Las directoras del documental, tres señoras de sesenta y tantos años, persiguen por el mundo, infructuosamente, a galeristas, coleccionistas y artistas. No es tanto el peligro de desenmascarar al mundo del arte lo que las bloquea sino que para éste ellas son invisibles. Durante la feria Art Basel una de las documentalistas se acerca al galerista Larry Gagosian para entrevistarlo y le toca el brazo: DON’T TOUCH ME, le espeta.
A base de una omnipresencia agobiante en ferias y bienales (paralela al modus operandi de algunos artistas) consiguen finalmente que una pareja de coleccionistas en Miami las reciba. A partir de ese momento las señoras suspenden su espíritu crítico y se dejan seducir por ese mundo del arte que las despreciaba: se encandilan con las fiestas y opulencia de Art Basel en Miami (el festival de Cannes del arte) y no pueden contener sus ¡wow! en una visita al Foxconn del arte: el tallerde 7,000 m2 del artista chino Zhang Huan y sus cien obreros (con media hora de pausa para comer). Tiene todo de un Maestro, dicen maravilladas y Zhang Huan les explica su estrategia para escoger la mejor galería. El documental termina por suavizar su premisa inicial. El mundo del arte es inmoral cuando nos ignora pero impresionante cuando nos invita a sus fiestas privadas.
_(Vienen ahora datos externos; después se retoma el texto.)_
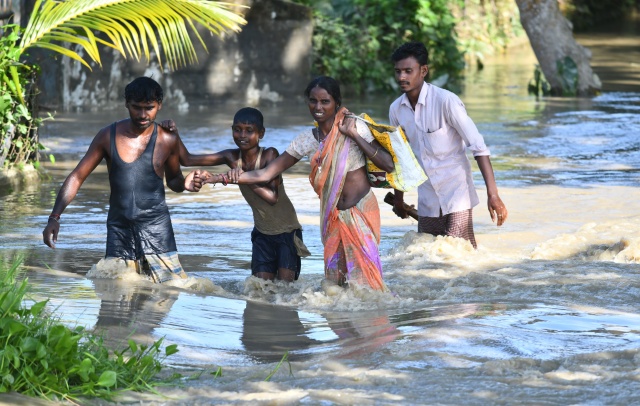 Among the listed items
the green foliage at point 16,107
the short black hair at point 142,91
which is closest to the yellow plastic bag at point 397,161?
the short black hair at point 142,91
Las reacciones a «La ruée vers l’art», en el medio artístico francés han sido más de indignación hipersensible ante su reduccionismo —arte igual a su mercado— que de auto-crítica. Este documental y su recepción en el mundo del arte puede servir de metáfora del (la ausencia de) diálogo entre el arte contemporáneo y sus críticos.
Está el mundo del arte, autosuficiente y........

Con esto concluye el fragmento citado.